In 1951, Jogen's family moved to Saheednagar Colony, Dhakuria.

Jogen was admitted to the Government College of Art & Craft, Kolkata in 1955 wherefrom he graduated by 1960. His first job was as an art teacher in Howrah Zilla School. After two years in 1962, he was employed as Designer in the Handloom Board, Calcutta.

===His youth===
In 1965, he went to Paris to study in Ecole des Beaux Arts, in William Hayter's Atelier 17. Afterwards he spent five months in London.

He returned to India in early 1968. He was appointed as a textile designer in the Handloom Board in Chennai. In 1970, he joined the Calcutta Painters Group. His first collection of poems Hridoy Train Beje Othey was also published in the same year.

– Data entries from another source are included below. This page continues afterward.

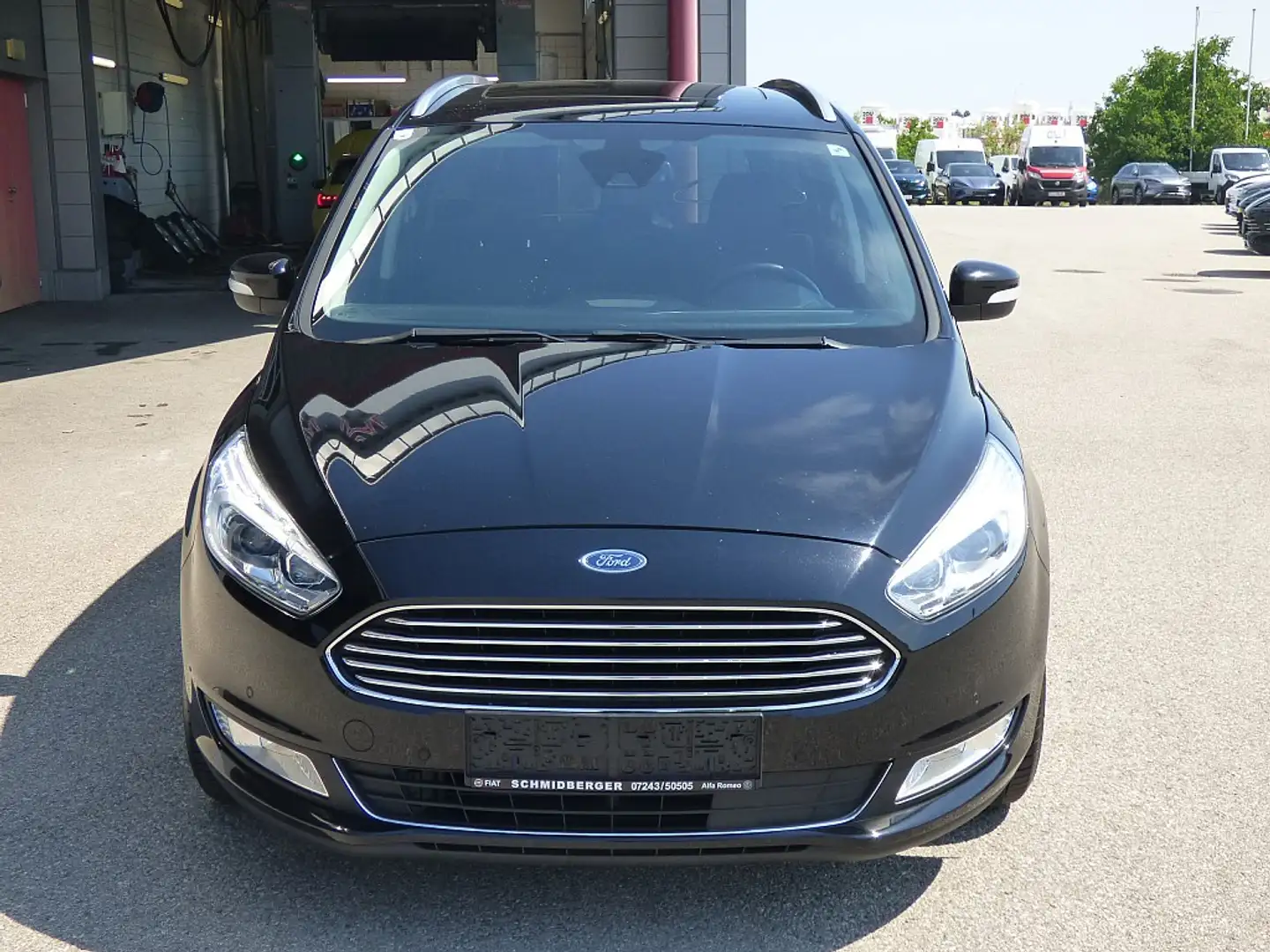 Ford Galaxy 2,0 TDCi Titanium Start/Stop Powershift 7-Sitze... Schwarz - 2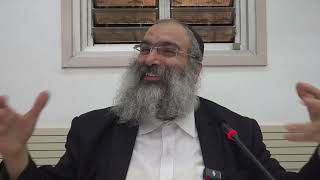 בכור ללידה או בכור להריון▪️הרב נחמנסון▪️(בית כנסת חב"ד כפר סבא) (הרב יהודה לייב נחמנסון) - התמונה מוצגת ישירות מתוך אתר האינטרנט יוטיוב. זכויות היוצרים בתמונה שייכות ליוצרה. קישור קרדיט למקור התוכן נמצא בתוך דף הסרטון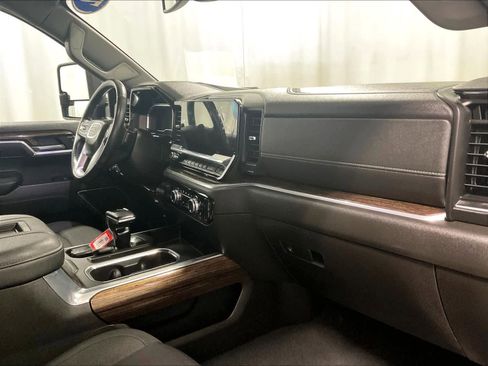 Used 2022 GMC Sierra 1500 Elevation w/ X31 Off-Road Package image 14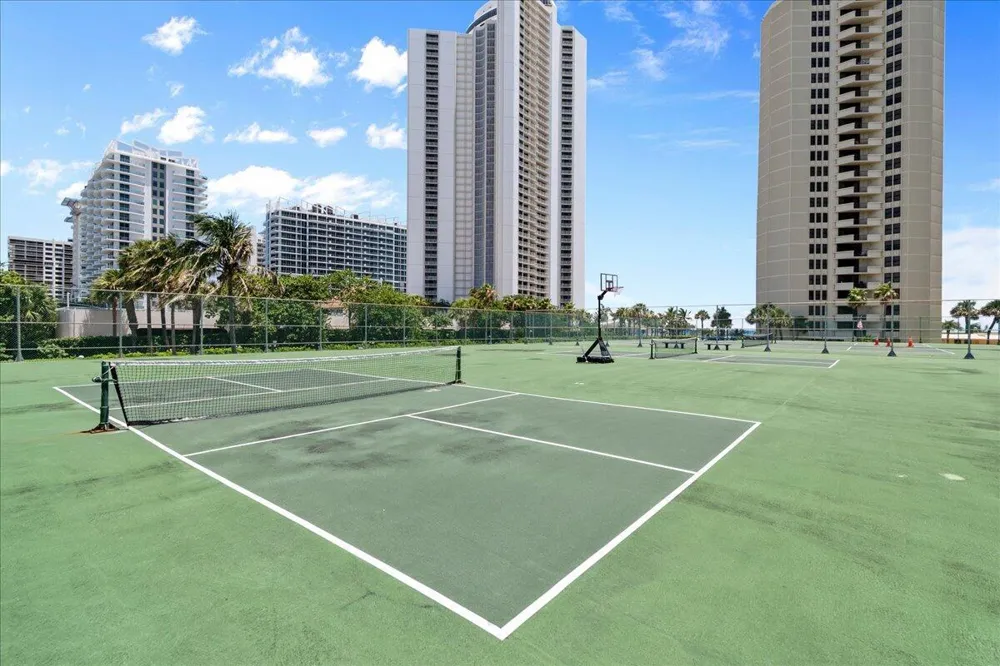 2800 Ocean Drive #A-18c Riviera Beach, FL 33404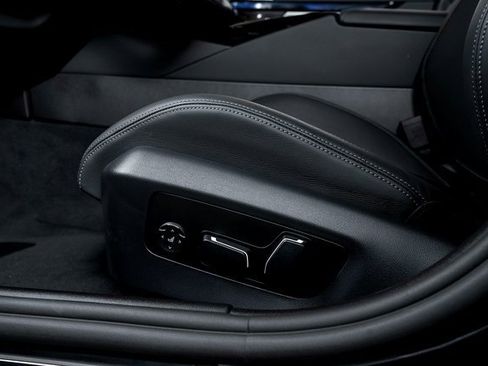 Used 2025 BMW M5 Touring w/ M Driver's Package image 21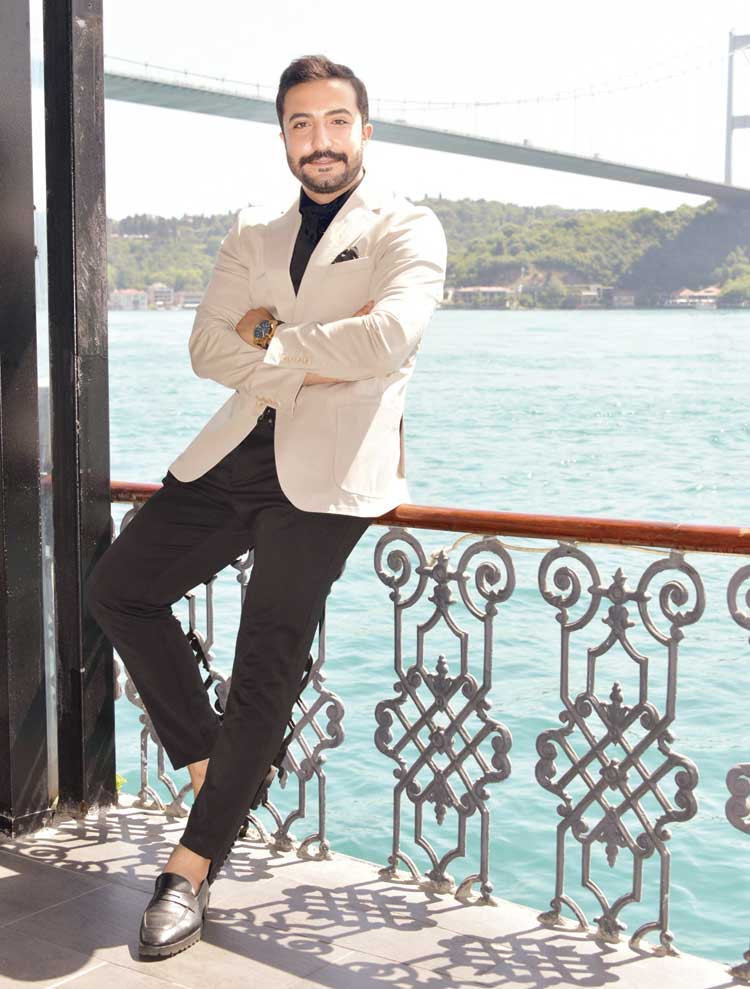 Ünlü isimler  yer değiştiriyor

He quit his job at the Madras Handloom Board in 1972 to join the Art Gallery of Rashtrapati Bhavan, New Delhi as a Curator. Due to this new job, he moved to New Delhi. He founded the Gallery 26 and Artists' Forum in New Delhi in 1975 along with some leading painters of New Delhi. In 1986, Jogen represented India in the 'Festival of Art' in Baghdadwi.

===Santiniketan===
In 1987, Jogen Chowdhury joined Kala Bhavan, Santiniketan as professor of painting. Beside his numerous paintings, exhibitions, he has written extensively on contemporary art. He was also appointed as Juror in several exhibitions.

== Awards and honors ==

- Awarded by the Prix le France de la Jeune Peinture, Paris (1966),
- Awarded at the 2nd Biennale of Havana, Cuba (1986),
- Awarded at the International Print Biennale, Bhopal (1995),
- Honored with the prestigious Kalidas Samman by the Government of Madhya Pradesh, (2001),
- An honorary D.Litt. by Rabindra Bharati University (2010),
- Awarded by the Banga Bibhushan award by the Government of West Bengal (2012),
- Honored by the Zainul Samman (2016) by Dhaka University, Bangladesh.

== Publications ==

- The Arts of India, by Basil Grey, Phaidon (1981),
- Image and Imagination by Geeti Sen, Mapin (1996),
- Jogen Chowdhury Chitrakala (Bengali), Arun Sen (1996),
- Indian Contemporary Art: Post Independence, Vadehra Art Gallery (1997),
- Major Trends in Indian Art, Lalit Kala Akademi (1997),
- The Flamed Mosaic, Indian Contemporary Painting by Neville Neville Tuli, HEART (1997),
- Dreams 1900–2000, edited by Lynn Gamwell, Cornell University Press (2000),
- When Was Modernism, by Gaeta Kapur, Tulika (2000),
- Indian Art, by Partha Mitter, Oxford (2001),
- A Special Issue on Jogen Chowdhury (Bengali), Nandimukh Publication (2002),
- Contemporary Art of Bengal, Mapin (2003),
- Indian Art: An Overview, edited by Gayatri Sinha, Rupa & Co. (2003),
- Ten Contemporary Artists of Bengal (Bengali) Pratikshan (2003),
- Jogen Chowdhury Enigmatic Visions, published by Glenbarra Art Museum, collected works from exhibitions at Pundole Art Gallery, Mumbai, Vadehra Art Gallery, New Delhi, Chitrakoot Art Gallery, Kolkata (2006)
- Jo 2021, Published by Debovasa (September, 2021)
- Jogen Chowdhury Sketchbook 1986–87, Published by Debovasa (February, 2023)
- Jogen Chowdhury Sketchbook 1962, Published by Debovasa (March, 2023)

==Political career==
In 2014, Jogen Chowdhury has been elected as a member of Rajya Sabha from Trinamool Congress.